Desjardins n’a pas écouté la police
Des policiers assurent avoir averti l’institution de ne pas alerter le suspect du vol de données
L’enquête criminelle sur le mégavol de données personnelles de plus de 4 millions de clients de Desjardins pourrait avoir été compromise parce que l’institution bancaire a alerté le principal suspect, même si la police lui avait clairement dit de ne pas le faire.
En mai 2019, la police de Laval, qui avait amorcé l’enquête « Projet Glaive » suite à des signalements de fraude sur son territoire, a servi une sérieuse mise en garde à Desjardins.

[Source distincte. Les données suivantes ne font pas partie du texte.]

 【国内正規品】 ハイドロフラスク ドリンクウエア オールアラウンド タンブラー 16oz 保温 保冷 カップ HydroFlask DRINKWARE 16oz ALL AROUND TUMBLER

L’institution financière avait alors identifié son ex-employé Sébastien Boulanger-dorval comme l’auteur présumé du vol. Elle désirait récupérer l’ordinateur portable du suspect, ce qui aurait pu lui mettre la puce à l’oreille quant au fait qu’il faisait l’objet d’une enquête.
« NE PAS NUIRE À L’ENQUÊTE »
Le sergent-détective Patrick French, de la police de Laval, s’est alors objecté « fortement à toute action que Desjardins pourrait entreprendre, et ce, compte tenu de l’enquête policière en cours », peut-on lire dans une série d’affidavits rendus disponibles hier par le Directeur des poursuites criminelles et pénales (DPCP).

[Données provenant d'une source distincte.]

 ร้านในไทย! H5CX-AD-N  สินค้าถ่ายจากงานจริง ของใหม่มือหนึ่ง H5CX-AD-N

« [Le policier] répète à plusieurs reprises qu’aucune démarche à l’égard de cet employé ne doit être conduite sans l’accord explicite d’un représentant du Service de police de
Laval, dans le but de ne pas nuire à l’enquête », selon les dénonciations de sa collègue Marie-line Bélair, elle-même sergente-détective à la police de Laval.

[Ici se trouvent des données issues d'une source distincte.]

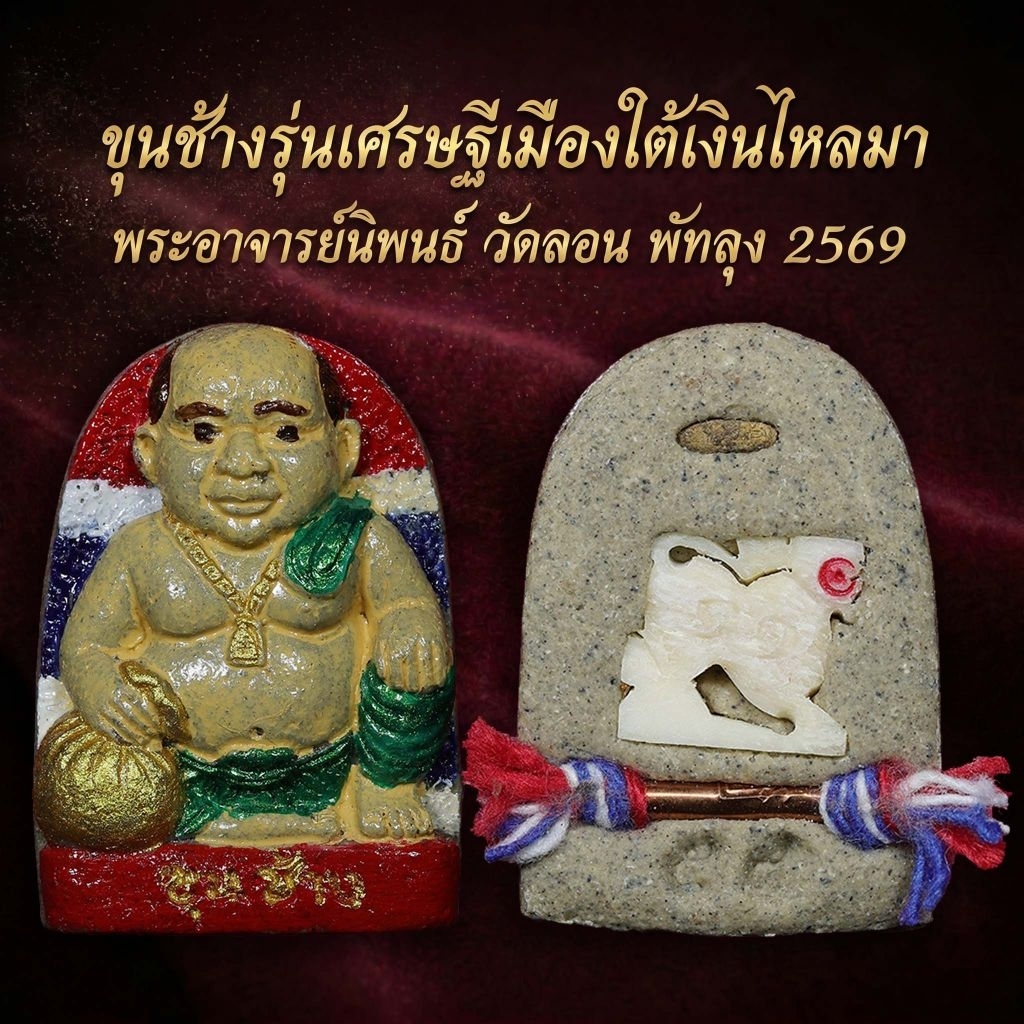 ขุนช้างเศรษฐีเมืองใต้ วัดลอนพัทลุง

Malgré cette mise en garde, Desjardins a entrepris plusieurs démarches dans les jours suivants, dont la fouille du bureau de Boulanger-dorval, à Lévis, et la saisie de documents sur les lieux.
Les policiers en auraient été avisés a posteriori, lit-on dans les documents dont plusieurs passages ont été caviardés par la Couronne et par Desjardins.
CLIMAT DE MÉFIANCE
Au cours des derniers mois, plusieurs reportages ont fait état de difficultés de collaboration entre la police et Desjardins. En février, notre Bureau d’enquête citait une source bien au fait du dossier, qui déplorait « un fort climat de méfiance entre Desjardins et les policiers qui enquêtent sur le vol massif de données ».
Nous révélions également que la Sûreté du Québec (SQ) avait passé quatre jours cet hiver à perquisitionner les bureaux de Desjardins au centre-ville de Montréal.
Les policiers avaient alors saisi la Cour supérieure de la possibilité que Desjardins refuse de leur remettre certains documents utiles à l’enquête, en invoquant le privilège avocat-client.
Le PDG de Desjardins Guy Cormier s’était alors défendu en assurant avoir demandé à tous ses employés de collaborer avec la police.
En juin 2020, le 98,5 FM et La Presse ont également cité des policiers mécontents, selon qui l’institution financière était davantage intéressée à « protéger son image » qu’à permettre l’arrestation des suspects.